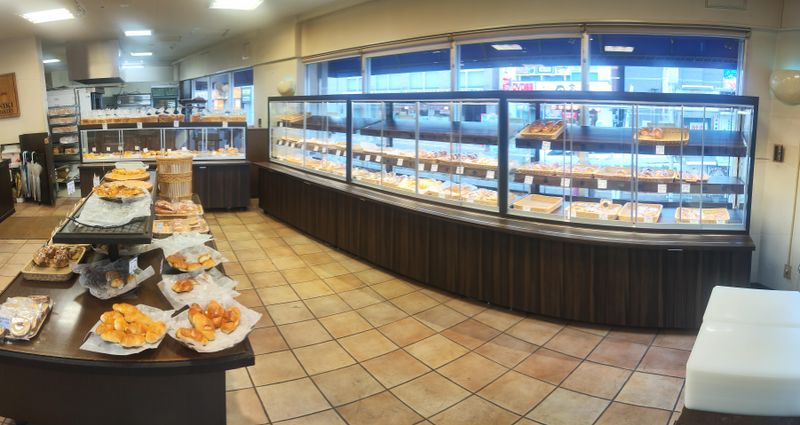 ニキ ベーカリー&カフェ綾瀬店のアルバイト・バイト求人情報-03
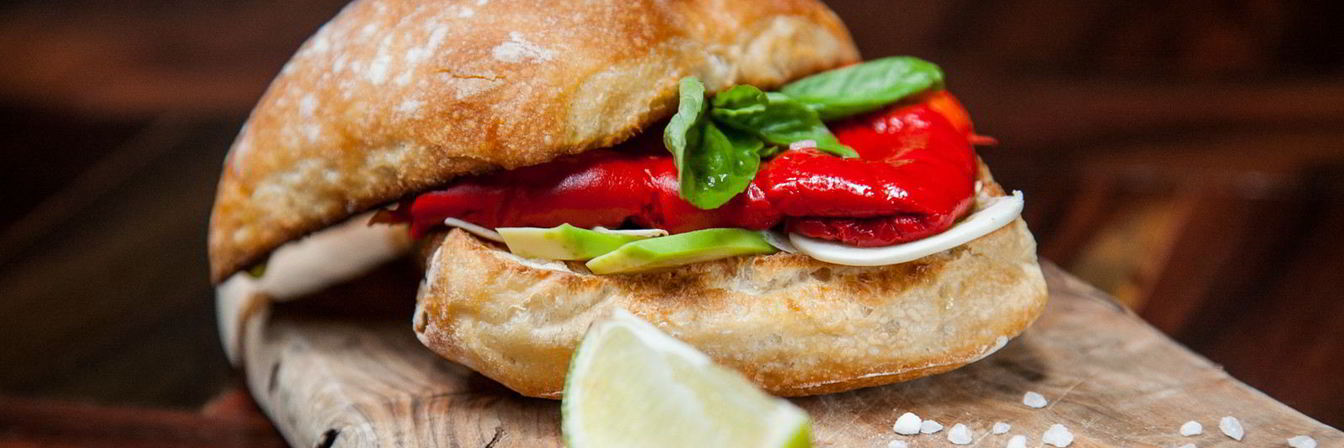 Брускетта с печеным болгарским перцем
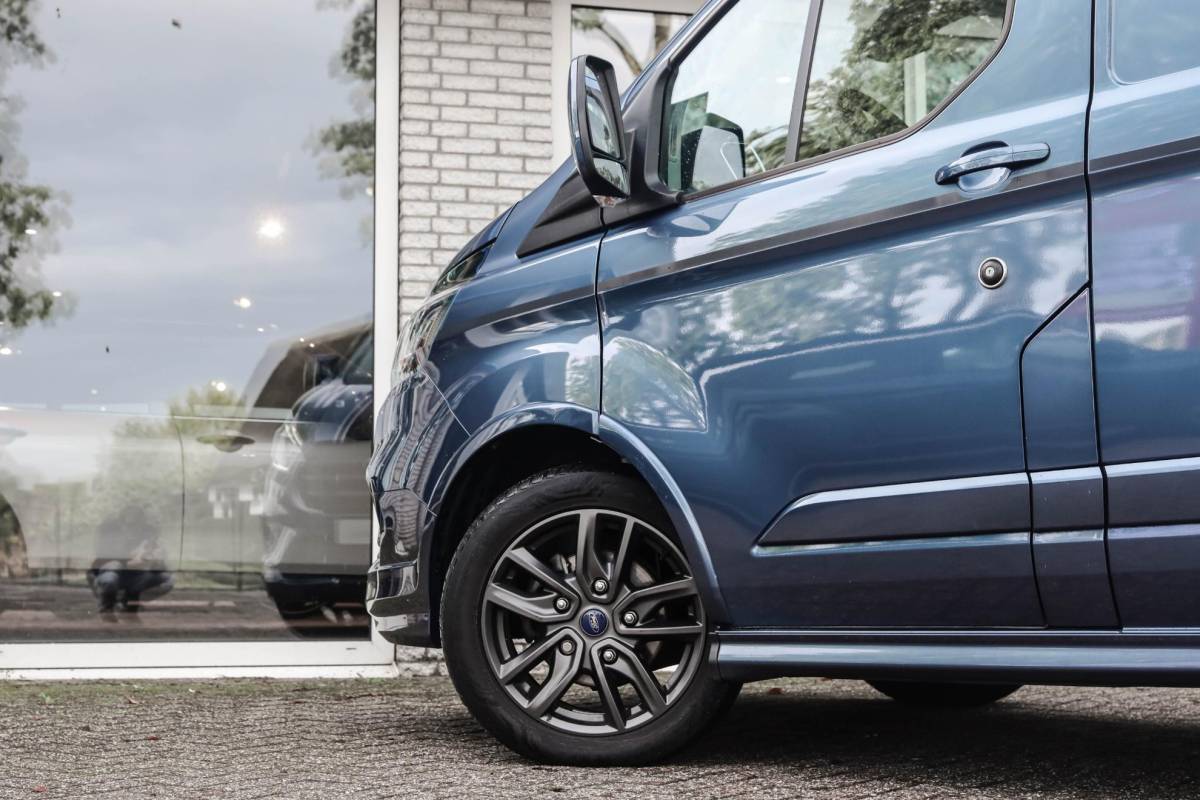 Ford Transit Custom Ford Transit Custom 290 2.0 TDCI L2H1 Sport Electr. Stoel Camera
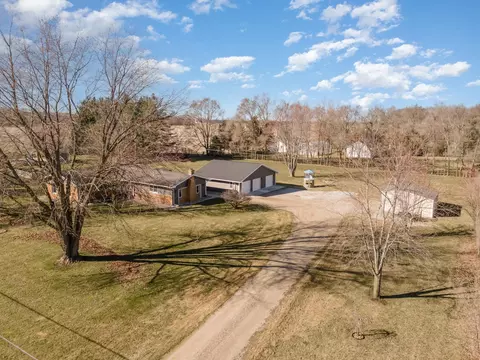 View/Area - 2270 W Washington, Ithaca, MI 48847 photo 1 of 5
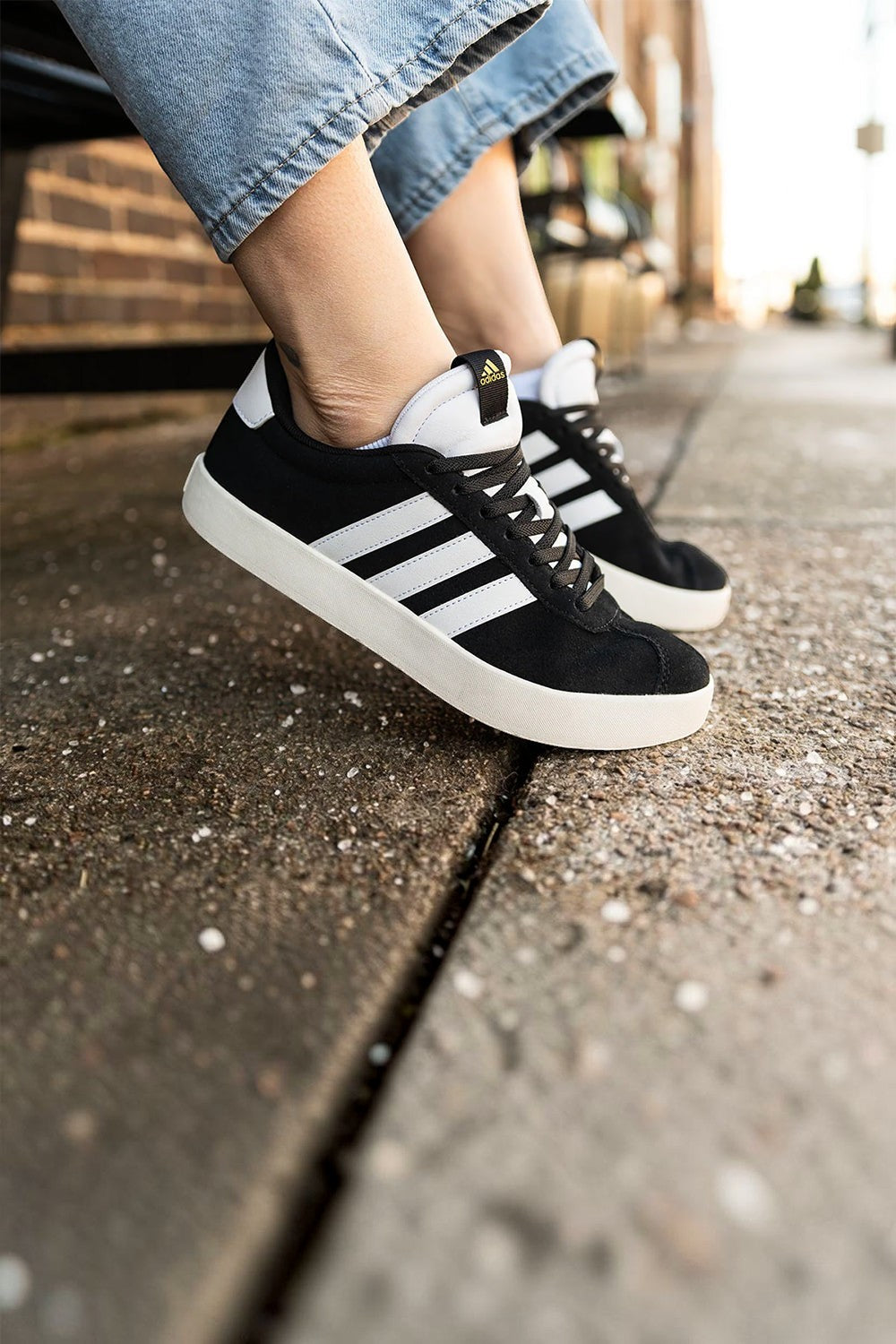 Cadarço elástico SPORTBR Lock Laces FLAT preto instalado em tênis casual preto e branco para ajuste prático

**Required work**
Take the line with "View/Area - 2270" and each line after it through the end of the material above, and reproduce them exactly, without the pictures.

**Output for this task**
 View/Area - 2270 W Washington, Ithaca, MI 48847 photo 1 of 5
 Cadarço elástico SPORTBR Lock Laces FLAT preto instalado em tênis casual preto e branco para ajuste prático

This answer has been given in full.